*** SAS source code file ***
---------------------------------------------------------------------------------------
/* Exercise 2.48, page 148. */
options nodate;
data foot;
infile 'C:\1_Courses\223\Lectures\Week6\sasexpl\ta02-002.txt' delimiter='09'x;
* HAV is the response and MA the explanatory variable;
input HAV MA;
datalines;
proc reg data=foot;
title 'Regression Data for HAV on MA';
model HAV = MA;
output out=foot1 predicted=HAVhat residual=r;
run;
symbol value=dot color=blue interpol=r;
proc gplot data=foot;
title 'Scatter plot HAV vs. MA (With Regression Line)';
plot hav*ma/ haxis = 5 to 40 by 5 vaxis = 5 to 50 by 5;
run;
----------------------------------------------------------------------------------------
*** SAS output file produced by running above program ***
----------------------------------------------------------------------------------------
Regression Data for HAV on MA
The REG Procedure
Model: MODEL1
Dependent Variable: HAV
Analysis of Variance
Sum of Mean
Source DF Squares Square F Value Pr > F
Model 1 188.71350 188.71350 3.62 0.0652
Error 36 1878.54965 52.18193
Corrected Total 37 2067.26316
Root MSE 7.22371 R-Square 0.0913
Dependent Mean 25.42105 Adj R-Sq 0.0660
Coeff Var 28.41624
Parameter Estimates
Parameter Standard
Variable DF Estimate Error t Value Pr > |t|
Intercept 1 19.72327 3.21717 6.13 <.0001
MA 1 0.33884 0.17818 1.90 0.0652
------------------------------------------------------------------------------------------
*** Discussion ***
1. The Exercise
For purposes of solving Exercise 2.48, much of the above output can be ignored at this
point in time in the course.
(a) The table labeled 'Parameter Estimates' gives the least-squares regeression line
as HAV = 19.72327 + 0.33884MA, i.e., a = 19.72327 and b = 0.33884.
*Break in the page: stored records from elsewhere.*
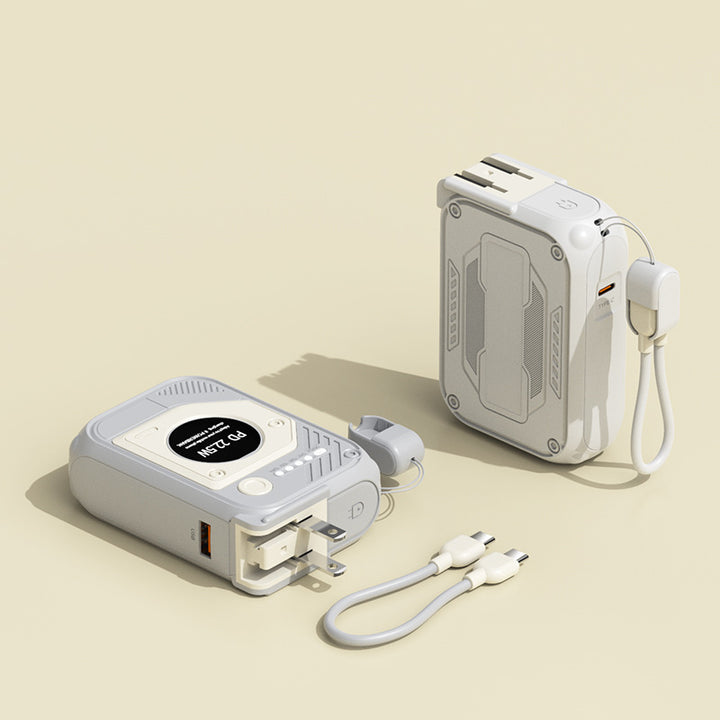 Bærbar Powerbank med multifunksjonelt integrert ladekabel Skanto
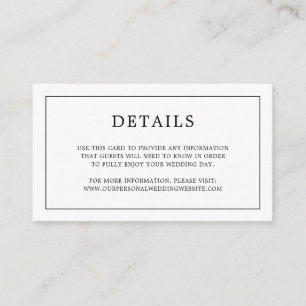 Simple Black and White Monogram Elegant Wedding Enclosure Card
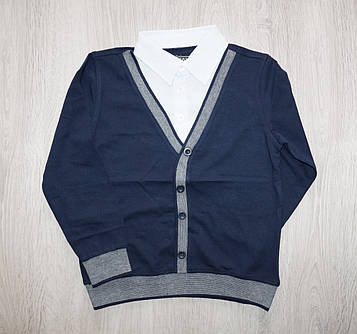 Кофта-обманка для хлопчика синя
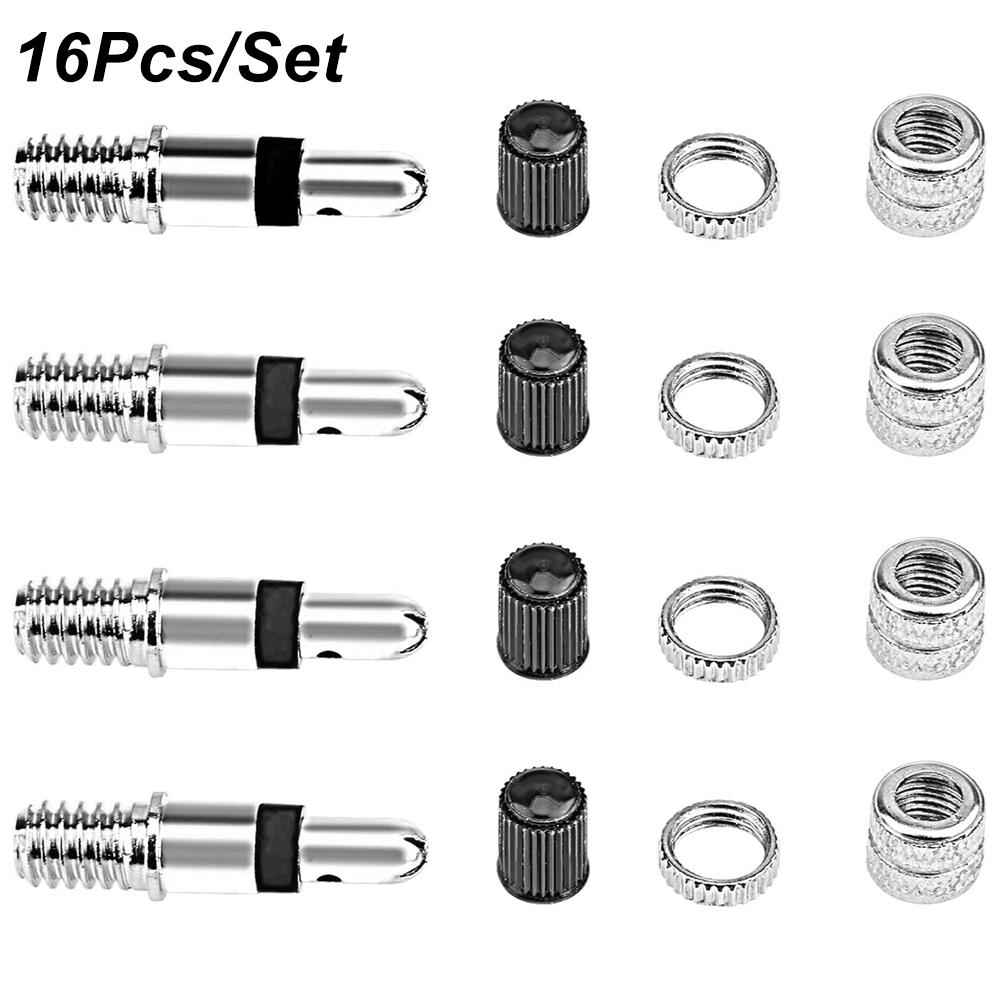 1Set Valve Core Kit, Anti Aging Nickel Plated Brass Universal Bike Tire Valve Core with for Electric Vehicles 16 Pieces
(b) So for MA = 25 degrees, we would predict HAV = 19.723 + 0.339 * 25 = 28.2 degrees.
(c) The scatter plot shows a lot of spread, so predictions based on the regression
line will not be vary reliable. Note that R-Square is 0.0913, so only about 9% of the
variation in HAV is explained by the regression line.
2. The Source Code
In proc reg, the model statement causes the least-squares line of the form y = a + bx to
be calculated, where y is the response variable and x is the explanatory variable.
The reason for including the output statement in proc reg, is because proc gplot needs
the residuals in order to plot the regression line on the scatter plot. If we didn't
need to plot the regression line, then the output statement could be omitted from
proc reg. The output statement creates a SAS data set called foot1 with 37 observations
and four variables, HAV, MA, HAVhat and r. HAVhat is the predicted value for an
observation and r is the residual for an observation, i.e., the difference between the
observed value of HAV and the predicted value.
Once this is done, then proc gplot produces a scatter plot of HAV versus MA, and the
symbol statement with interpol=r causes the least-squares line to be plotted on the
graph as well. This is shown in: 2-48.bmp.